Let $P = (x,y)$ be a point in the coordinate plane. The point $P$ has a distance of $12$ units from the $x$-axis, and it has a distance of $10$ units from the point $(2,5)$. If $P$ has a distance of $n$ units from the origin, and $x > 1$, what is $n$?

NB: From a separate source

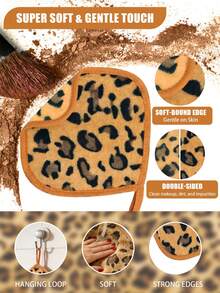 12/6/3/1pcs Set Leopard Print Soft Microfiber Facial , With Hanging Loop Makeup Remover Towels, Gentle & Skin-Friendly, Reusable Soft Flannel Makeup Remover Towels, Highly Absorbent Small Washcloth Cleaning Tools - Multicolor - View 2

Since $P$ is $12$ units from the $x$-axis, $(x,y)$ lies on a line parallel to the $y$-axis, $12$ units away. So, we have \[|y| = 12. \quad (*)\]Since $P$ is $10$ units from $(2,5)$ and $x > 1$, $(x,y)$ lies on a circle with center $(2,5)$ and radius $10$. In other words, \[\sqrt{(x - 2)^2 + (y - 5)^2} = 10. \quad (**) \sqrt{(x - 2)^2 + (y + 5)^2} = 10. \quad (***) \]To find $n$, we want to compute the distance from $(x,y)$ to the origin. This is $\sqrt{x^2 + y^2}$. We can use $(*)$ and $(**)$ to eliminate $y$. From $(*)$, $y = 12$ or $y = -12$. Substituting into $(**)$, we get $\sqrt{(x - 2)^2 + 7^2} = 10$ and $\sqrt{(x - 2)^2 + (-7)^2} = 10$. Squaring both sides of both equations, we get $(x - 2)^2 + 7^2 = 100$ and $(x - 2)^2 + (-7)^2 = 100$. Solving these equations, we get $(x - 2)^2 = 51$ and $(x - 2)^2 = 51$. Thus, $x = \pm 7$. If $x = 7$, from $(*)$ we have $y = -12$, so $\sqrt{x^2 + y^2} = \sqrt{7^2 + (-12)^2} = \sqrt{49 + 144} = \sqrt{193}$. If $x = -7$, from $(*)$ we have $y = 12$, so $\sqrt{x^2 + y^2} = \sqrt{(-7)^2 + 12^2} = \sqrt{49 + 144} = \sqrt{193}$. So, from $(*)$ and $(**)$, $n = \boxed{\sqrt{193}}$.